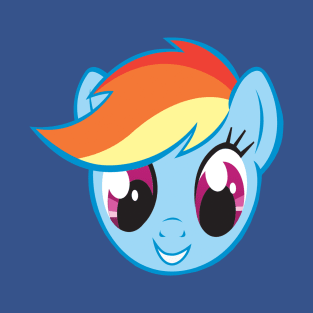 My little pony - Bigger Dash face T-Shirt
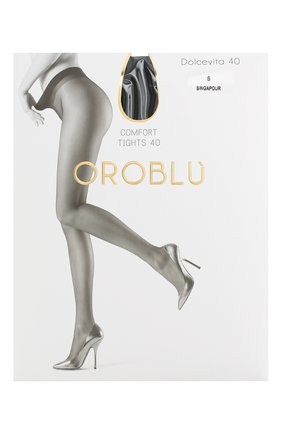 Женские капроновые колготки OROBLU темно-коричневого цвета по цене 1475 руб., арт. V0BC01013 | Фото 1 Женские капроновые колготки OROBLU темно-коричневого цвета, арт. V0BC01013 | Фото 1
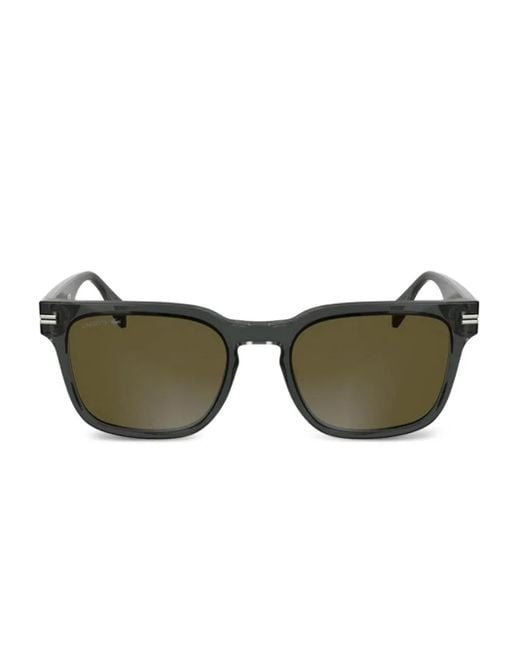 Lacoste Sonnenbrille Mit Eckigem Gestell in Gray für Herren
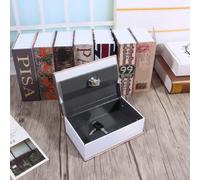 CHICIRIS Book Safe with Security Box, Metal Lock Box for Cash Jewelry (Pisa Leaning Tower Type)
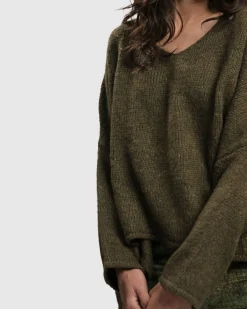 Siesta Oversized Sweater, Taupe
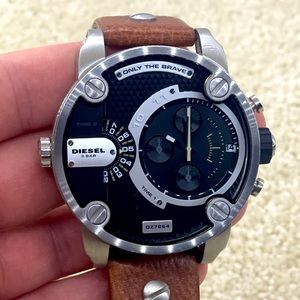 Diesel SBA Dual Time Chronograph Stainless Steel Watch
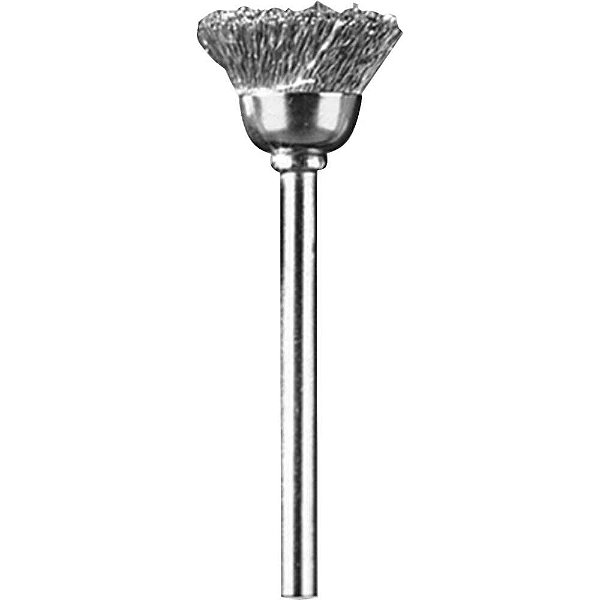 Escova tipo copo para microrretífica 13mm aço carbono 442-02 DREMEL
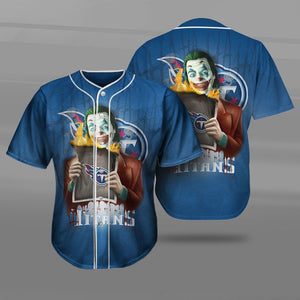 UP To 20% OFF Best Tennessee Titans Baseball Jersey Shirt Joker Graphic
=======
What you are asked to do – Please transcribe, word for word, every line from the one containing "Lacoste Sonnenbrille Mit" through the last line of the records, both included, and leave the pictures out.

Response box –
 Lacoste Sonnenbrille Mit Eckigem Gestell in Gray für Herren
 CHICIRIS Book Safe with Security Box, Metal Lock Box for Cash Jewelry (Pisa Leaning Tower Type)
 Siesta Oversized Sweater, Taupe
 Diesel SBA Dual Time Chronograph Stainless Steel Watch
 Escova tipo copo para microrretífica 13mm aço carbono 442-02 DREMEL
 UP To 20% OFF Best Tennessee Titans Baseball Jersey Shirt Joker Graphic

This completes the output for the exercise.